Task description ::
Reproduce the lines below exactly. Skip images.

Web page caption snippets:
◆ ◆ ◆ ◆ ◆
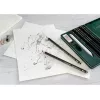 Graphitstift-Set Faber-Castell 115220
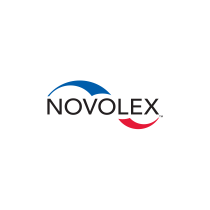 Novolex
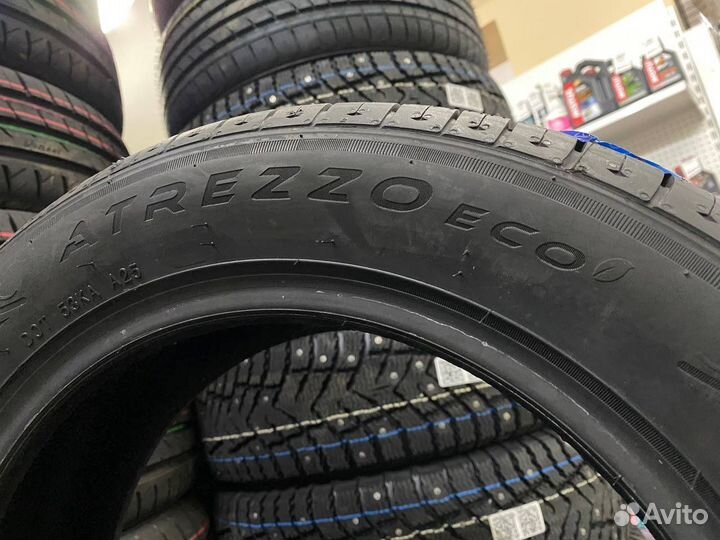 Sailun Atrezzo ECO 155/65 R14 75T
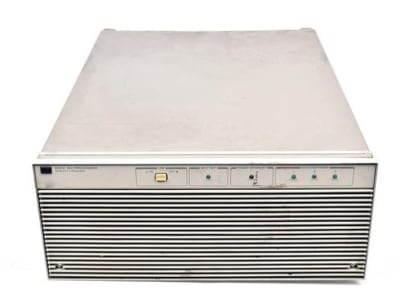 KEYSIGHT TECHNOLOGIES 6942A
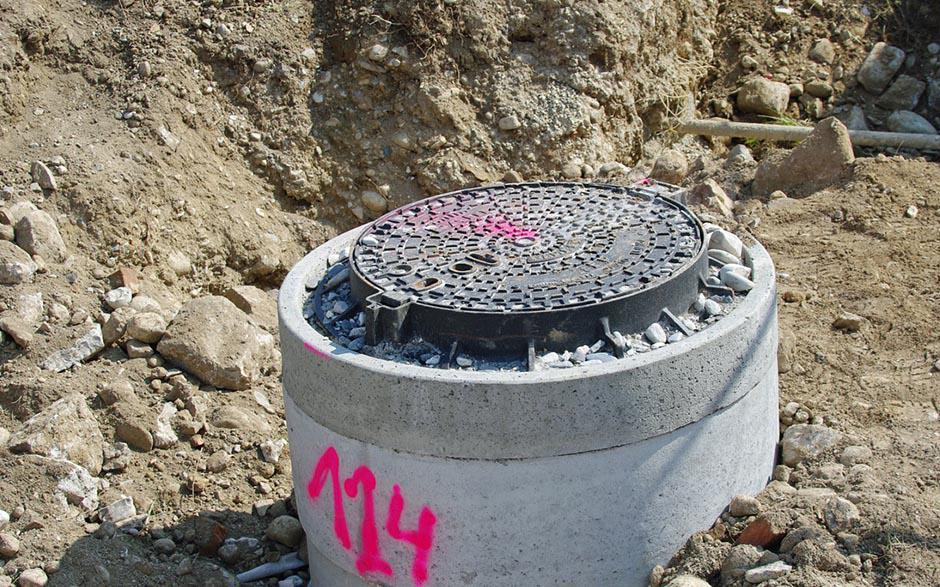 déboucher une toilette sans siphon Villejuif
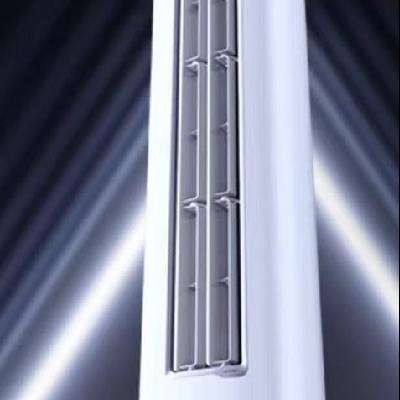  ʡPro 3ƥ  KFR-72LW/N8HA1  3472.93Ԫ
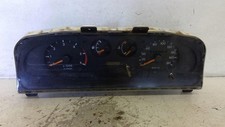 Compteur ford maverick d'occasion  France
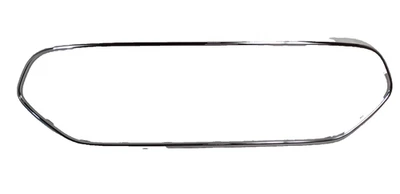 Genuine OEM Ford Grille Chrome Surround Trim DT1Z8419B Transit Connect 2014-18 - Image 1 of 4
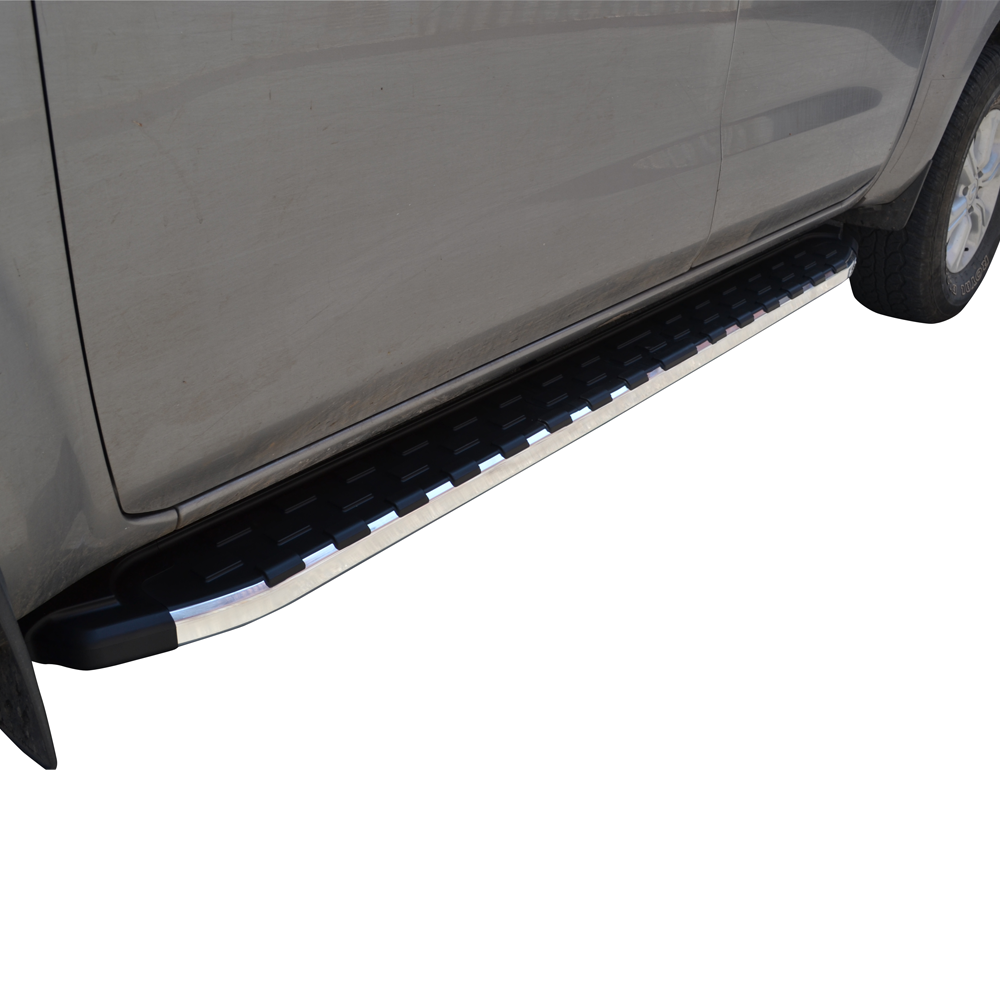 httpside-steps-alouminioum-nissan-navara-np300-d23-groupak-4x4-accessories-3png-5
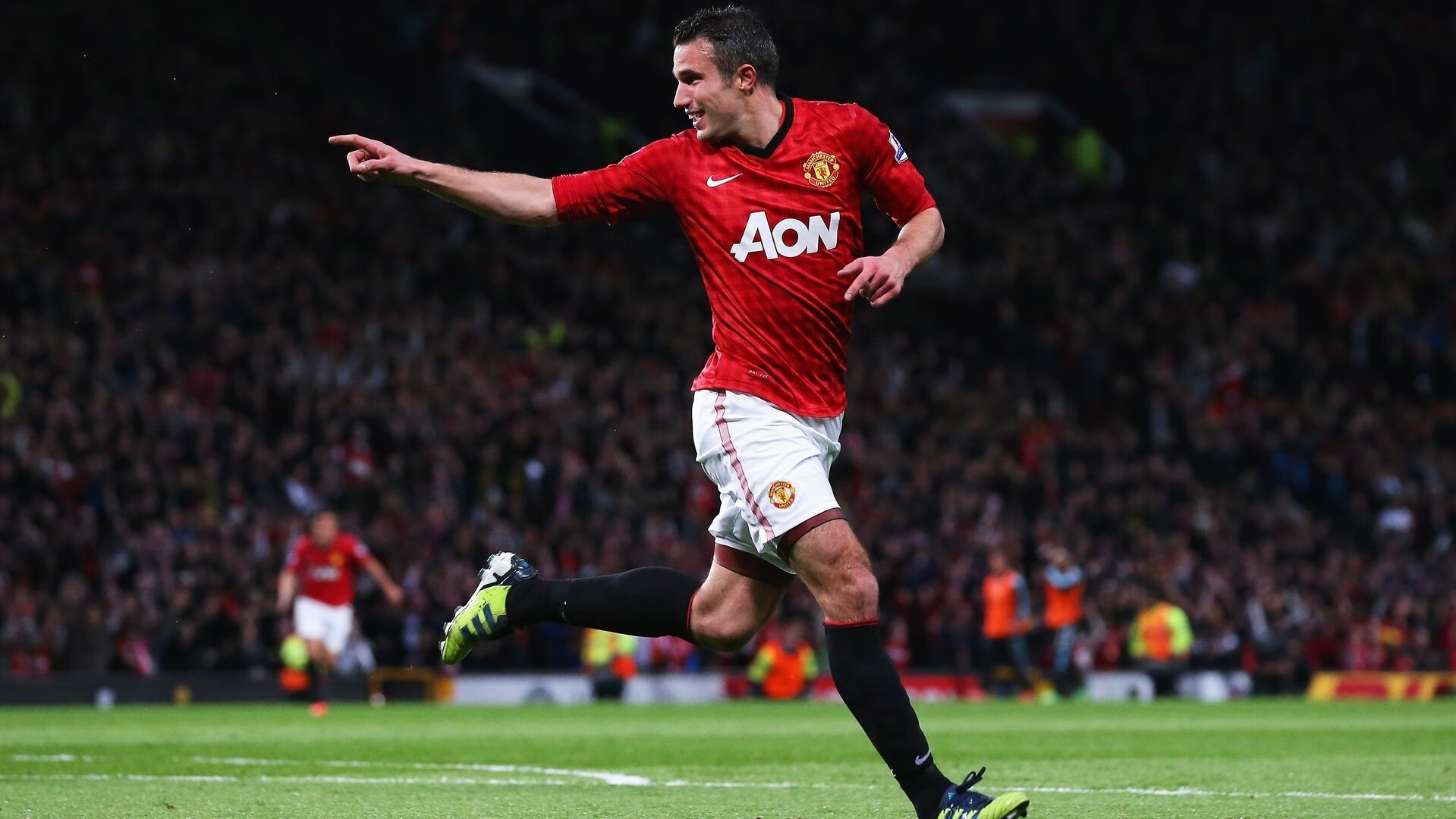 被忽略的巨星突然爆发！奥运资格关键夜，他用行动撕掉配角标签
◆ ◆ ◆ ◆ ◆
Written solution ::
 Graphitstift-Set Faber-Castell 115220
 Novolex
 Sailun Atrezzo ECO 155/65 R14 75T
 KEYSIGHT TECHNOLOGIES 6942A
 déboucher une toilette sans siphon Villejuif
  ʡPro 3ƥ  KFR-72LW/N8HA1  3472.93Ԫ
 Compteur ford maverick d'occasion  France
 Genuine OEM Ford Grille Chrome Surround Trim DT1Z8419B Transit Connect 2014-18 - Image 1 of 4
 httpside-steps-alouminioum-nissan-navara-np300-d23-groupak-4x4-accessories-3png-5
 被忽略的巨星突然爆发！奥运资格关键夜，他用行动撕掉配角标签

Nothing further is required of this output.